C:N ratio in grain decreased with increasing salinity (Fig. 6).
The main reason for this result is the increase in nitrogen content of the grain
with salinity while the N concentration of shoots decreased with increasing
salinity (Fig. 5). Nitrogen concentration of control, 100
and 200 mol m-3 was not significantly different, thus carbohydrate
content of grains must be reduced to cause a decrease in the C:N ratio. In the
shoot, C:N ratio increased with increasing salinity only at the most saline
treatment. This increment was not only because of carbon accumulation in the
shoot, but also of reduction in N content. Reduction in the N content could
lead to a higher C:N ratio in this level of salinity. Plant age also caused
an increment in C:N ratio in both control and salinity (Fig. 6b).
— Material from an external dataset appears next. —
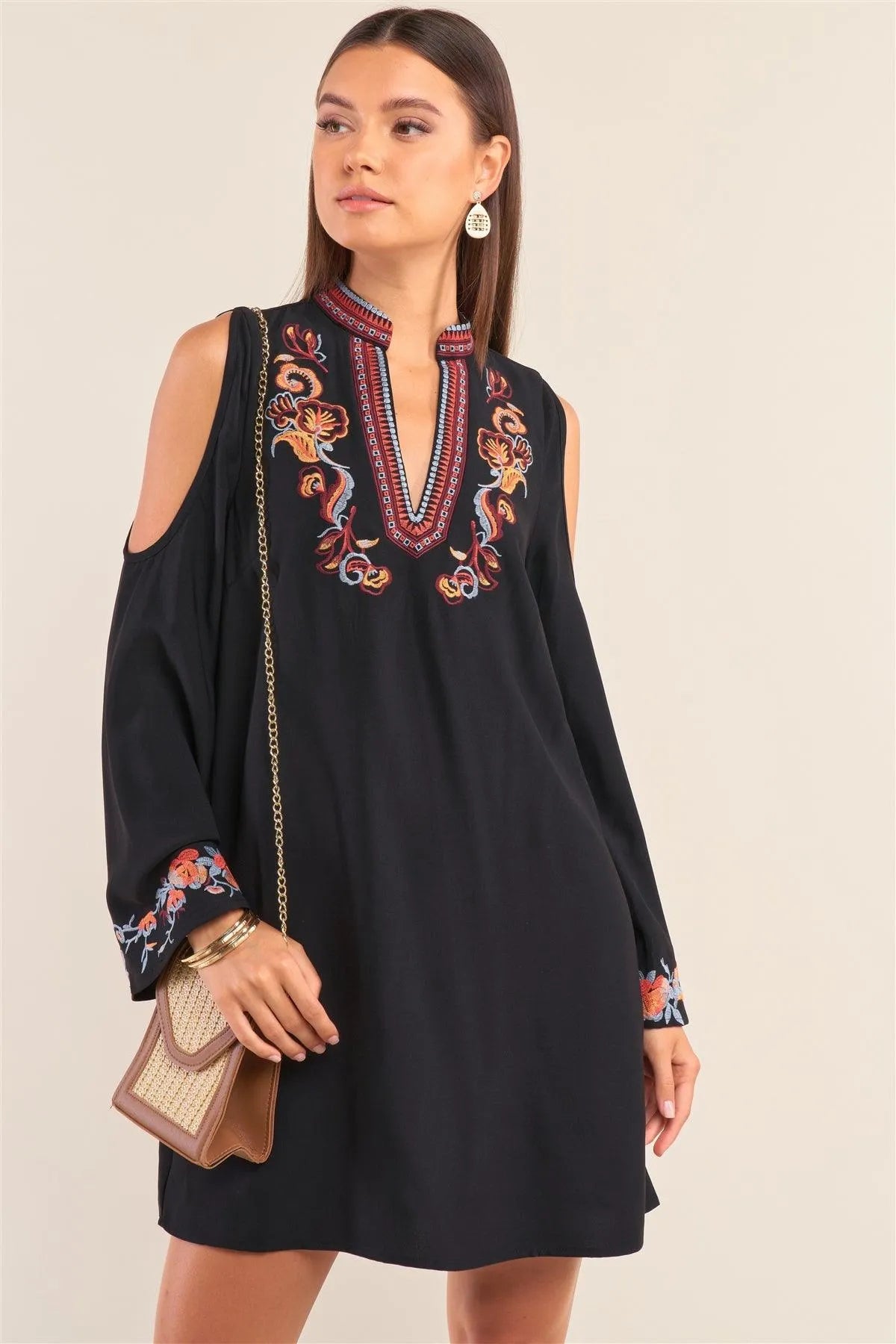 Black Slavic Floral Mix Embroidery Collared V-Neck Cut-Out Shoulder Detail Long Trumpet Sleeve Mini Dress /1-3-1 - Tasha Apparel Wholesale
One can say that accumulation of carbohydrates in older organs increased the
C content of shoots in control conditions. In the presence of salinity, in addition
to accumulation of carbohydrates in older organs, they also may accumulate in
the cytoplasm of other tissues as osmotica. The difference between the two lines
in Fig. 6b could be partly due to the acceleration of senescence
in stressed plants and carbohydrate accumulation as a osmoticum. Low nitrogen
absorption in high level of salinity is another reason for the difference between
C:N ratio in control and high level of salinity.
Based on the above mentioned results and works reported previously, carbon isotope discrimination might be applicable, as a useful tool, for study of salinity tolerance of wheat genotypes. It shows a remarkable correlation with photosynthesis apparatus and it is responsive to salt stress in cultivars with different salt tolerance even in a short span of time. Therefore, if the mass spectrometer system be available, the measurement of δ is easy and quick. It needs dried small sample size; either leaf, stem, or grain, with minimal problem with storage and handling of samples and analysis of carbon isotopes could be used in salinity studies of wheat genotypes.